Paperwork Reduction Act

    The Department has determined that this proposed Rule does not 
contain a ``collection of information,'' as the term is defined. See 5 
CFR 1320.3(c). DOL expressly seeks comments on this determination.

Executive Order 13132: Federalism

    Section 6 of E.O. 13132 requires Federal agencies to consult with 
State entities when a regulation or policy may have a substantial 
direct effect on the States, the relationship between the National 
Government and the States, or the distribution of power and 
responsibilities among the various levels of government, within the 
meaning of the E.O. Section 3(b) of the E.O. further provides that 
Federal agencies must implement regulations that have a substantial 
direct effect only if statutory authority permits the

[[Page 55317]]

regulation and it is of national significance.
    This proposed Rule does not have a substantial direct effect on the 
States, the relationship between the National Government and the 
States, or the distribution of power and responsibilities among the 
various levels of Government, within the meaning of the E.O. This is 
because drug testing authorized by the regulation is voluntary on the 
part of the State--it is not required.

Unfunded Mandates Reform Act of 1995

    This regulatory action has been reviewed in accordance with the 
Unfunded Mandates Reform Act of 1995 (the Reform Act). Under the Reform 
Act, a Federal agency must determine whether a regulation proposes a 
Federal mandate that would result in the increased expenditures by 
State, local, or tribal governments, in the aggregate, or by the 
private sector, of $100 million or more in any single year. The 
Department has determined that, since States have the option to drug 
test UC applicants and can elect not to do so, this proposed Rule does 
not include any Federal mandate that could result in increased 
expenditure by State, local, and tribal governments. Drug testing under 
this proposed Rule is purely voluntary, so any increased cost to the 
States is not the result of a mandate. Accordingly, it is unnecessary 
for the Department to prepare a budgetary impact statement.

Plain Language

    The Department drafted this proposed Rule in plain language.

Effect on Family Life

    The Department certifies that this proposed Rule has been assessed 
according to Sec. 654 of the Treasury and General Government 
Appropriations Act, enacted as part of the Omnibus Consolidated and 
Emergency Supplemental Appropriations Act of 1999 (Pub.
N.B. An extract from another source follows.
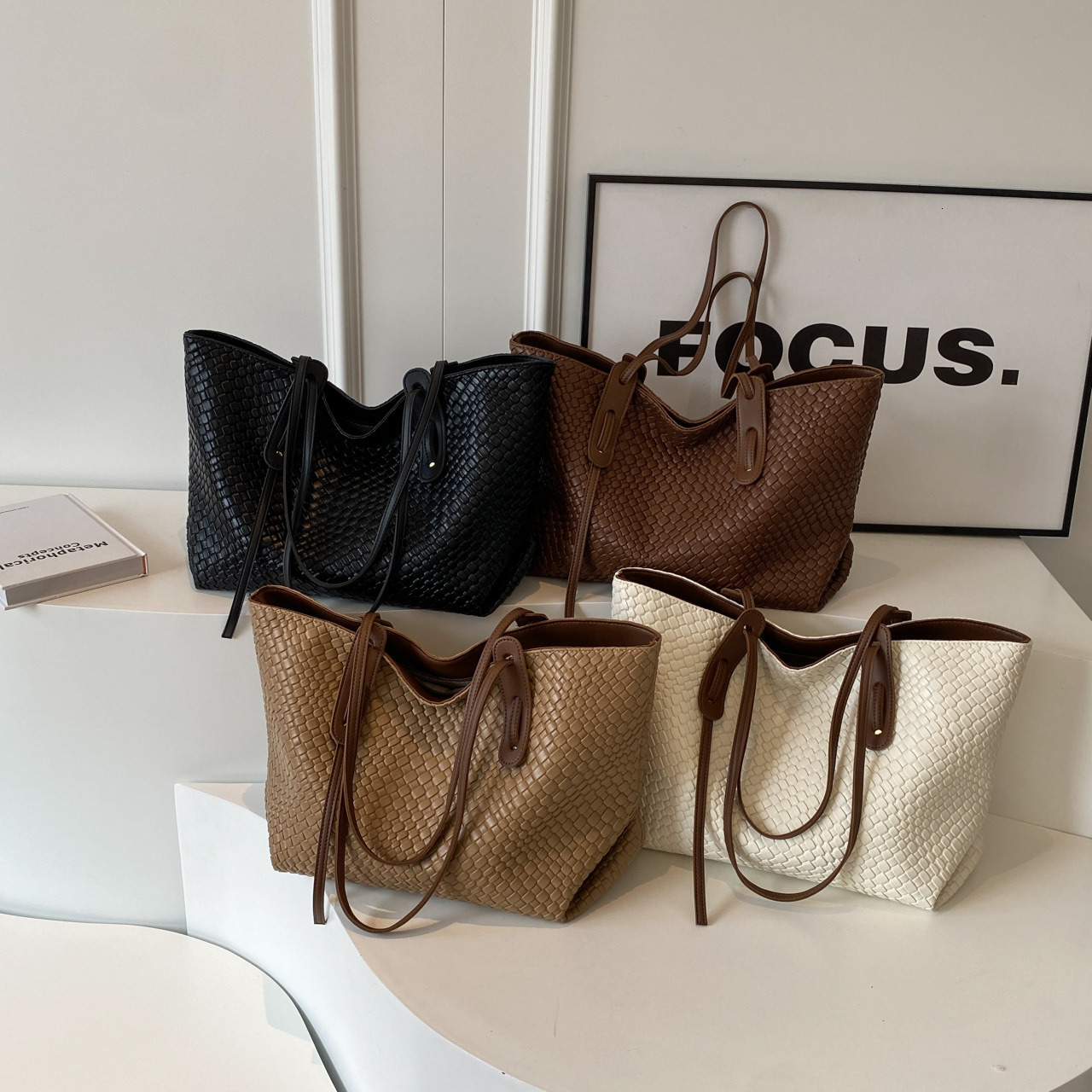 Luxury Brand Bag Large Capacity Woven Bag For Women 2026 New Vintage Versatile Shoulder Underarm Bag Korean Style Handheld Tote Bag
L. 105-277, 112 
Stat. 2681) for its effect on family well-being. The Department 
certifies that this proposed Rule does not adversely impact family 
well-being as discussed under Sec. 654 of the Treasury and General 
Government Appropriations Act of 1999.

Regulatory Flexibility Act/Small Business Regulatory Enforcement 
Fairness Act

    The Regulatory Flexibility Act (RFA), at 5 U.S.C. 603(a), requires 
agencies to prepare and make available for public comment an initial 
regulatory flexibility analysis, which describes the impact of the 
proposed Rule on small entities. Section 605 of the RFA allows an 
agency to certify a Rule, in lieu of preparing an analysis, if the 
proposed rulemaking is not expected to have a significant economic 
impact on a substantial number of small entities. This proposed Rule 
does not affect small entities as defined in the RFA. Therefore, the 
proposed Rule will not have a significant economic impact on a 
substantial number of these small entities. The Department has 
certified this to the Chief Counsel for Advocacy, Small Business 
Administration, pursuant to the RFA.

List of Subjects in 20 CFR Part 620

    Unemployment compensation.

0
For the reasons stated in the preamble, the Department proposes to 
amend 20 CFR chapter V by adding part 620 to read as follows:

PART 620--DRUG TESTING FOR STATE UNEMPLOYMENT COMPENSATION 
ELIGIBILITY DETERMINATION PURPOSES

Sec.
620.1 Purpose.
620.2 Definitions.
620.3 Occupations that Regularly Conduct Drug Testing For Purposes 
of Determining Which Applicants May Be Drug Tested When Applying for 
State Unemployment Compensation.
620.4 Testing of Unemployment Compensation Applicants for the 
Unlawful Use of a Controlled Substance.
620.5 Conformity and substantial compliance.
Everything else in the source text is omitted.